Why is everyone else working and I’m not?
These are thoughts that enter their consciousness, let alone the thoughts that whiz through their subconscious quizzing them.
Are you getting this?
Isn’t this all too hard?
Why are you bothering?
Negative thoughts are not the mainstay of self-talk, but more often than not questioning of skills and ability are the dominant sort of questions these learners will ask themselves. Such self-talk and vicarious experience, watching others working busily while one is yet to begin, is demoralising and increases physical and psychological restlessness.
Some students may display an exacerbation of twitchy, fiddling behaviour, such as pencil twirling, or repetitive tapping on the keyboard. Perhaps others have physiological reactions, becoming sweaty and flustered. Other students may vocalise their self-talk, mumbling and moaning that “it’s too hard” in the desperate hope that a fellow student, a teacher, an aide or a parent may come and assist them. The adoringly titled “class clown” may begin to distract themselves with irrelevant tasks, sometimes distracting other learners.

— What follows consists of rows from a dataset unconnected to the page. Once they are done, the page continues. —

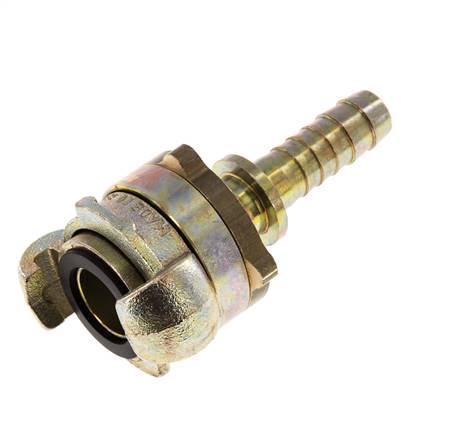 Gusseisen DN 10 DIN 3238 Drehklauenkupplung 13 mm (1/2'') Schlauchbolzenmanschette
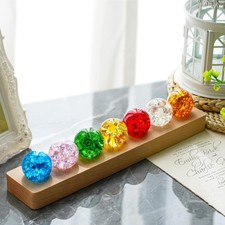 Glowing Crystal Ball Set 7pcs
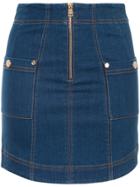 Alice Mccall Thinking About You Skirt - Blue
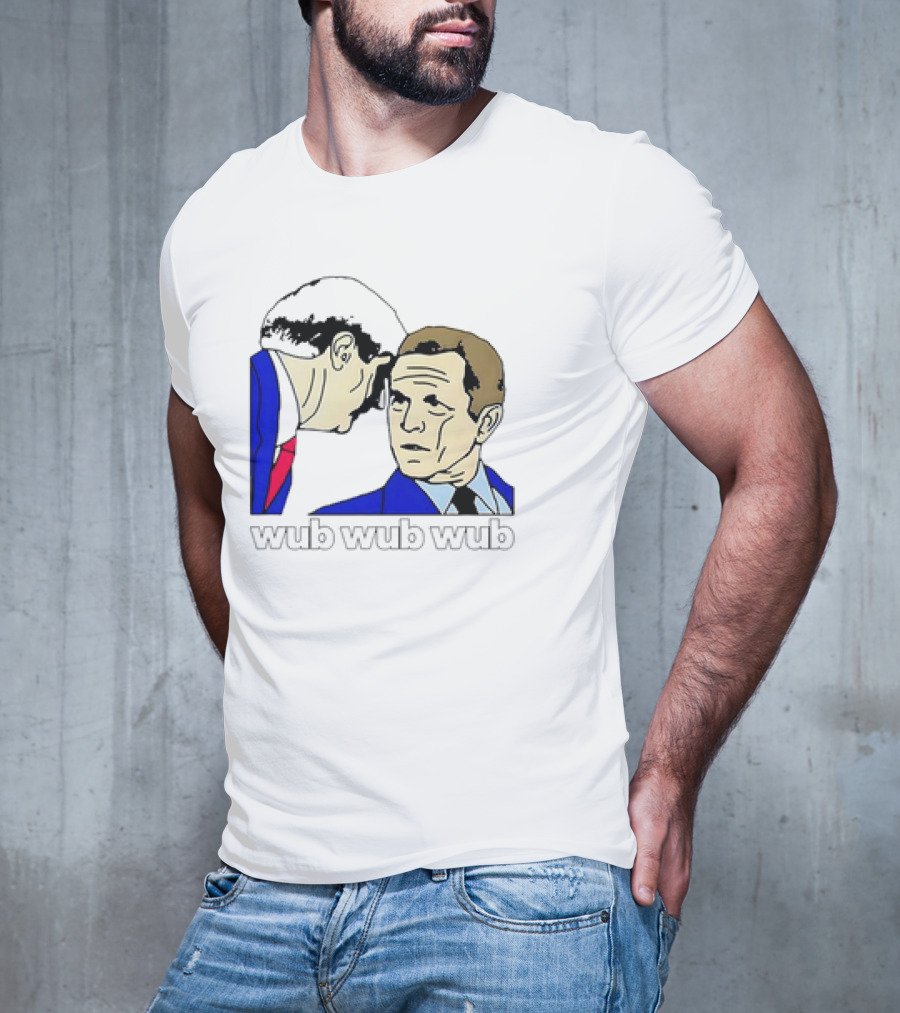 Wub Wub Wub Dubstep Meme EDM DJ Music Gag T-Shirt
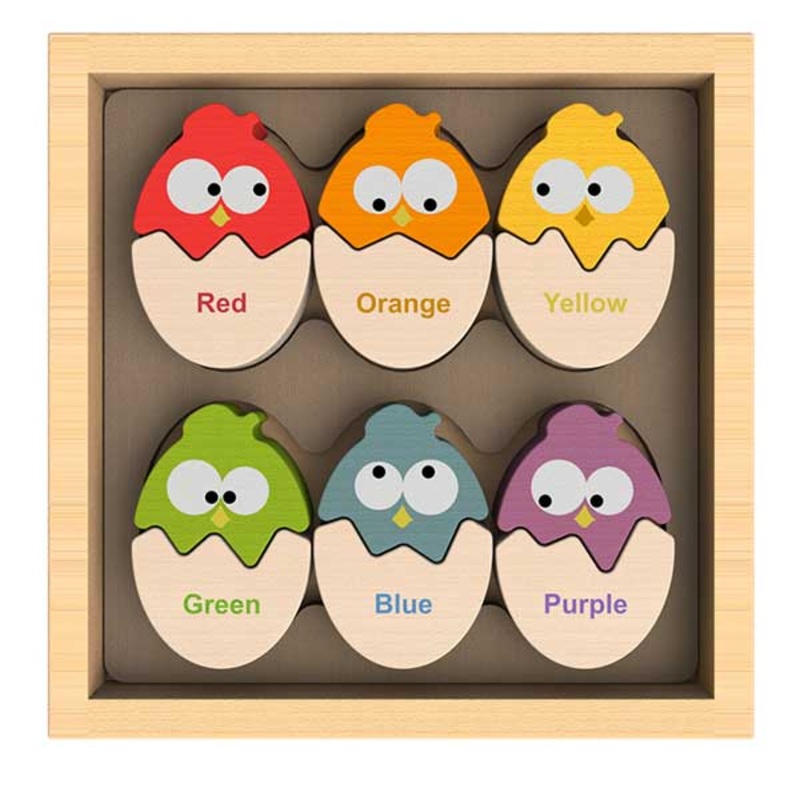 Color ‘N Eggs Bilingual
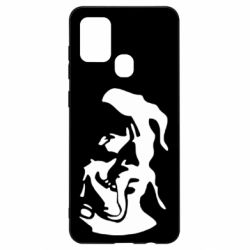 Чехол для Samsung A21s Лице козака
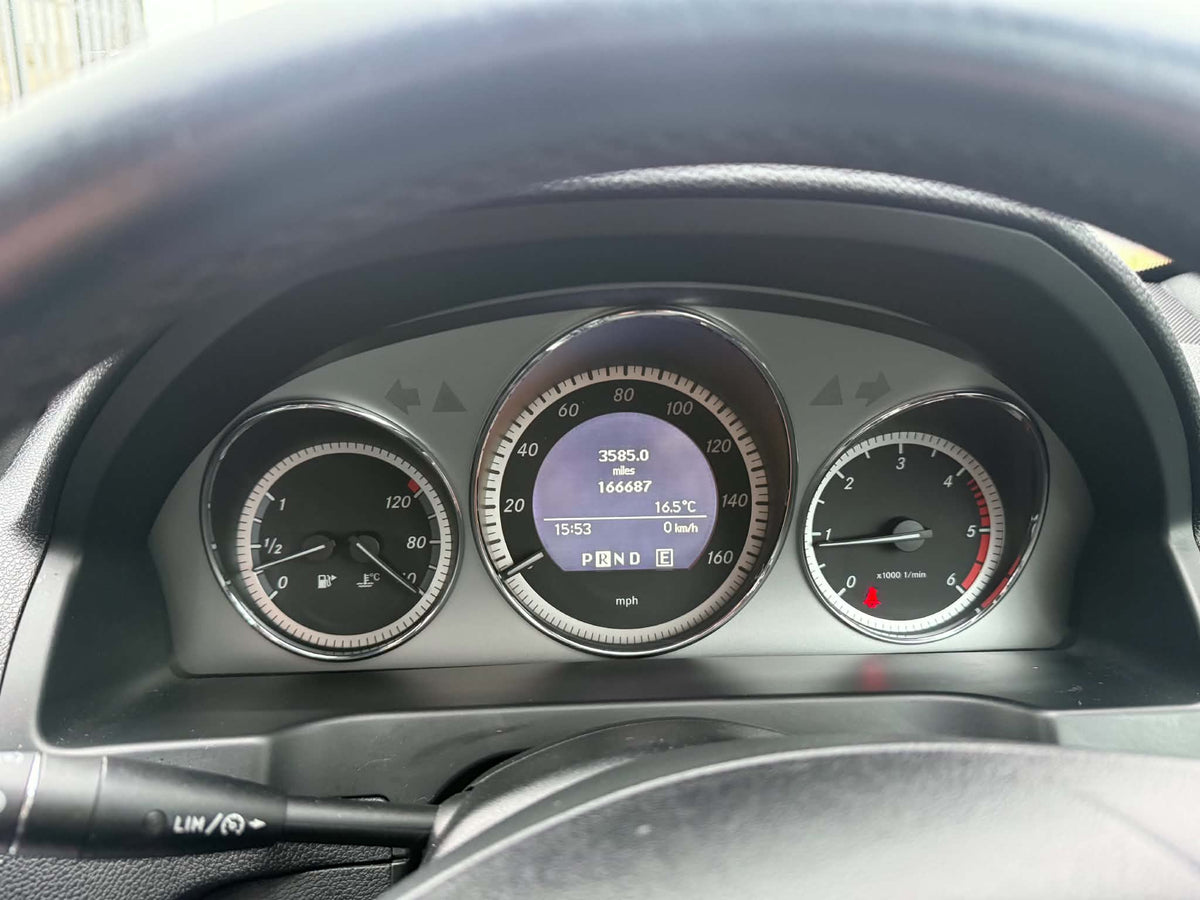 2010-MERCEDES C CLASS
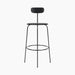 Afteroom Bar Chair, Veneer - Black Painted Ash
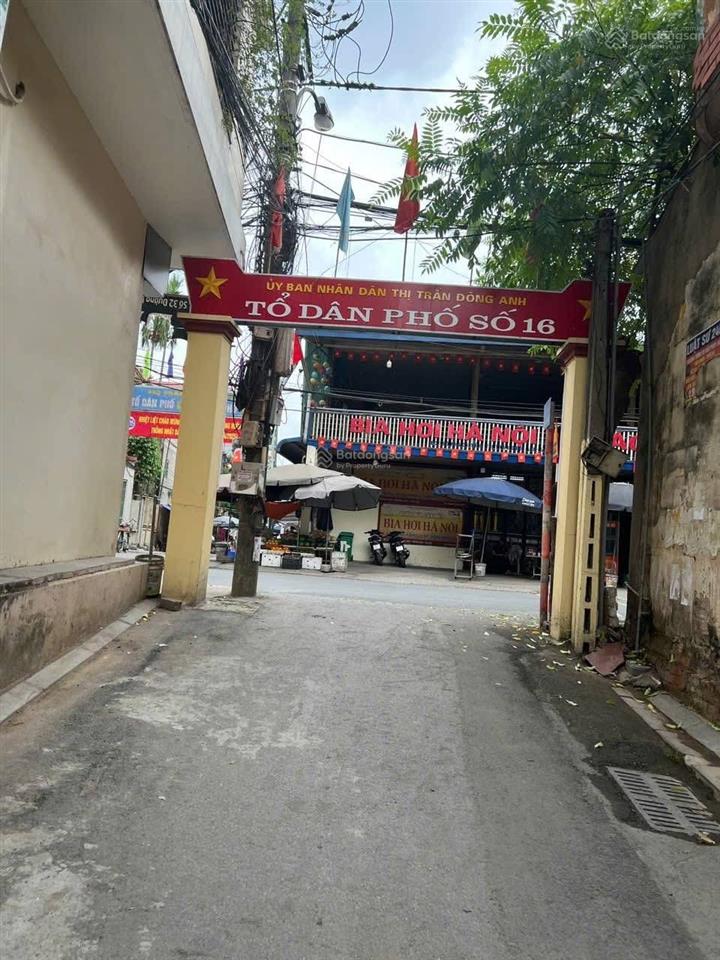 Cần bán 42.5m2 tổ 16 thị trấn đông anh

Place these same students in a classroom that focuses on a topic they love and the difference is amazing. They focus harder, persist longer, rise to more challenges, raise their hand for help and participate in class discussions. Their self-talk moves from negative to positive, fostered by the engaged classroom and teachers who appreciate and seek out each individual learners regardless of ability or difficulty. These are the good lessons, the good days.
Students with additional learning needs face myriad difficulties. Perhaps they aren’t able to see the board clearly, hear the teacher over the voices of their peers, or write down the instructions in time. Feelings of frustration, irritation and stress can flourish in such situations.
Imagine being in a room where everyone else seems to “get it”, “see it”, “hear it”, but for you. Stressful? How would you react?
Would you put your head down and ignore the calls of the facilitator? Would you begin talking to the people next to you? Would you doodle, draw, read a book? These behaviours are easy “go to” behaviours of any student who feels they are struggling.
We teach resilience. We model coping strategies. We reinforce the strengths in each individual learner.
We involve family, peers, the community of the school and their staff. We focus on what the student can do, what they enjoy, what jolts that spark in their eyes.
We accept that each learner will have bad days, but we can motivate and engage them again soon. We get to know our students, we take pride in their achievements and set their next goal.